By Onno Hansen-Staszyński | Last Updated: 1 April 2025

What are the unique contributions Youth Resilience Councils (YRCs) can bring to Resilience Councils (RCs) in terms of enhancing the effectiveness, legitimacy, and long-term resilience of the broader FIMI response strategy?

Closing the generational vulnerability gap

Argument: Adolescents and young adults are prime targets of FIMI campaigns, yet they are often absent from decision-making.

• Why it matters:

o Adolescents spend more time in digital environments than any other demographic.

o They are disproportionately exposed to disinformation, algorithm-driven radicalization, and social pressure dynamics.

o Without their input, RCs risk missing key insights on how FIMI actually affects digital-native generations.

• What YRCs add:

o Provide direct, experience-based insights into how disinformation spreads within youth networks.

o Identify new, youth-specific manipulation tactics that older experts might overlook.

o Help adapt RC recommendations to real-world digital behaviors.
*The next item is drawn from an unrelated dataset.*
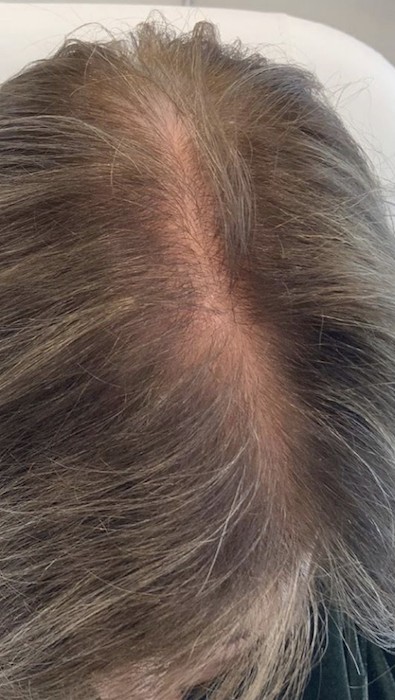 Hair Loss Treatment Before & After Patient #3245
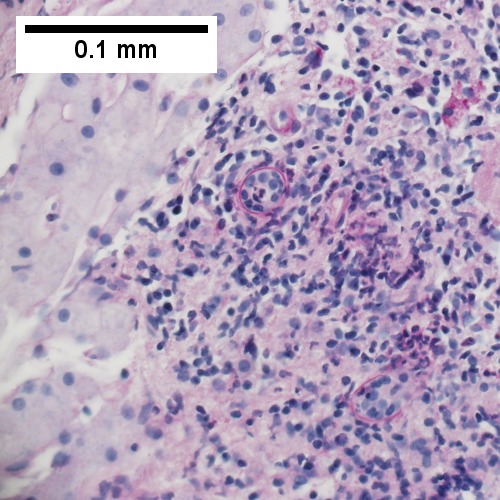 PAS with diastase showing neutrophil in bille duct lumen, diagnostic of acute cholangitis (400X).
Strengthening societal resilience by reducing dislocation

Argument: Adolescents experience “partial dislocation” (isolation from public life), which increases their vulnerability to FIMI. YRCs counteract this.

• Why it matters:

o Many young people withdraw into small, trusted “islands” (peer groups, online spaces) and avoid broader engagement.

o Dislocation weakens resilience, making youth more susceptible to polarization, echo chambers, and extremist narratives.

o If we don’t connect young people to real democratic decision-making, FIMI actors will fill that gap.

• What YRCs add:

o They offer structured participation in national resilience strategies, reducing feelings of detachment.

o They ensure that youth develop critical thinking and agency in public discourse.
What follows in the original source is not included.